More telling is the abject failure of Oklahoma’s “state” revenue, i.e. the amount provided by the legislature, per student, having fallen 9.3% since FY2009. That is the number that lands our state at the top (worst) of the other chart (my -9.3% is not as bad as the chart’s -26.9% because I include dedicated state revenues, not just appropriated). Were it not for the growth in local and county revenues for our schools they would be in even worse shape because, unfortunately, the state fiscal policy promoted by the OCPA, namely cutting taxes in the face of revenue failures, has been followed by our legislature.

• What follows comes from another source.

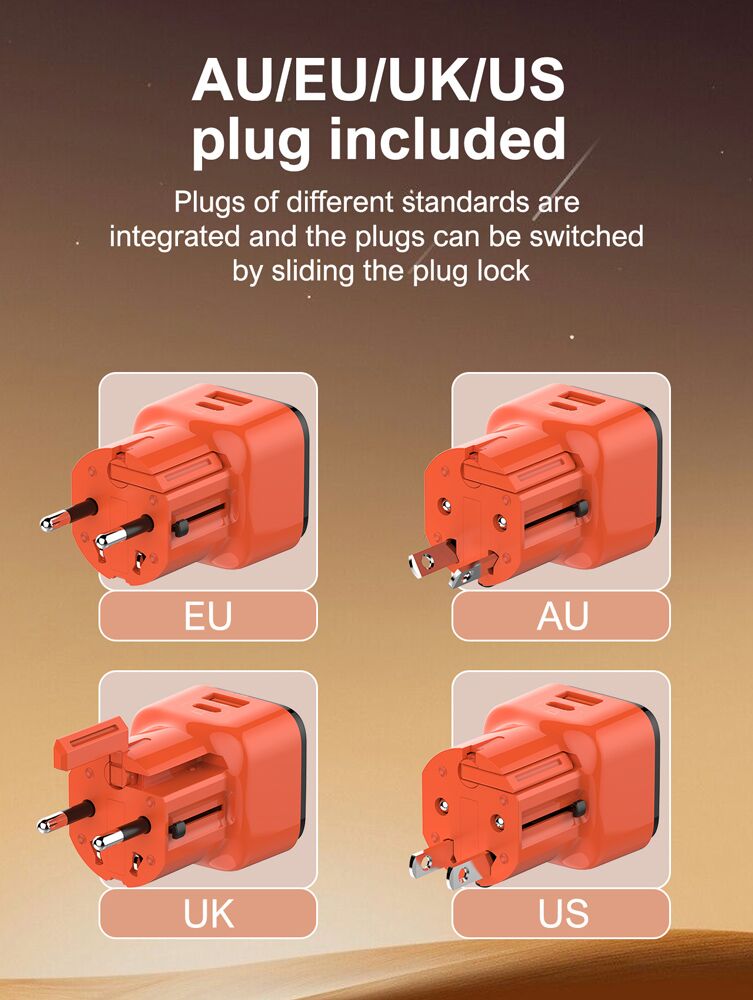 LDNIO φορτιστής τοίχου Q2420 με καλώδιο, USB/USB-C, 45W, universal πρίζα, πορτοκαλί - Image 4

Ostensibly they have done so in the name of “supply side” economics and blind obeisance to the Laffer Curve (which they don’t understand), but upon reflection I fear the OCPA fellows are not really Limited Thinkers after all. Their agenda of lowering state tax rates has been sold to the legislature as a way to improve our economy and increase state revenues. But I think they know better and that the real agenda all along has been to “starve the beast”, i.e. to slash government services. After all, who needs so many “slugs” teaching, driving and feeding our children.
As always lunch is on me for the first to ID the photo location.